Outcome metrics beat activity metrics
The first discipline is to measure outcomes, not activity. "The agent handled 4,000 requests" tells you nothing about whether those requests ended well. The metrics that matter are the ones tied to the real-world result: the autonomous resolution rate (the share of tasks the agent completed correctly with no human touch), the escalation quality (when it handed off, was the handoff useful?), and the correction rate (how often did a human have to undo or fix what the agent did?).
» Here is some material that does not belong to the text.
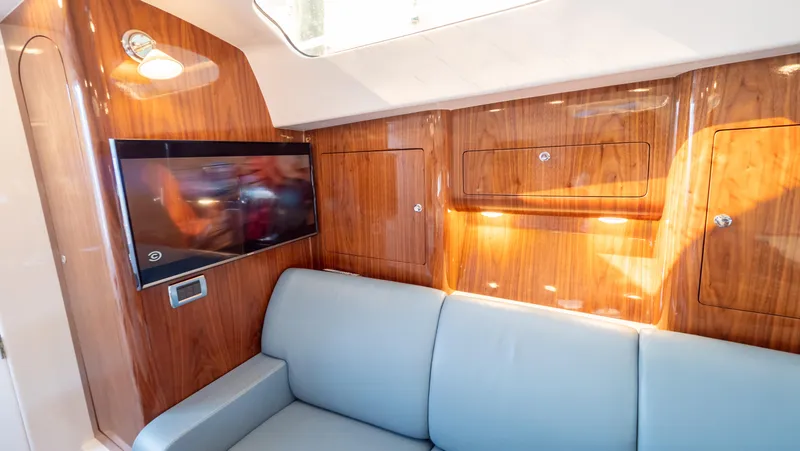 Slide: The Image of Luxurious interior of 2018 Intrepid 430 Sport Yacht with wood paneling and modern amenities. - 49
The correction rate is the one to watch most closely, because it is the honest measure of trust. An agent with a high resolution rate but a creeping correction rate is not saving work; it is moving work downstream and adding a cleanup tax. Conversely, an agent with a modest resolution rate and a near-zero correction rate may be exactly what you want: it does less, but everything it does is right, and it routes the rest cleanly.
The eval suite as the source of truth
Production metrics tell you how the agent is doing now. An eval suite tells you whether a change will make it better or worse before you ship. A good eval suite is a set of representative tasks with known-good outcomes and graders that check the outcome rather than the wording. It is the gate every skill change passes through, and it is the single most important measurement asset you build.
flowchart TD
A["Skill change proposed"] --> B["Run eval suite"]
B --> C{"Resolution rate held or rose?"}
C -->|No| D["Reject, fix skill"]
C -->|Yes| E{"Correction rate stayed low?"}
E -->|No| D
E -->|Yes| F["Ship to canary"]
F --> G["Compare live vs eval"]
G --> H["Promote to full scope"]The reason graders should check outcomes, not phrasing, is that agents reach correct results by many different paths. Grading on exact wording produces brittle evals that fail on harmless variation and pass on confidently wrong answers. An outcome grader asks the question that actually matters: did the refund get issued correctly, was the right slot booked, did the lookup return the safe fields? Build your evals from real production disagreements — every case where the agent and a human diverged is a candidate test — and the suite stays grounded in reality instead of in your imagination.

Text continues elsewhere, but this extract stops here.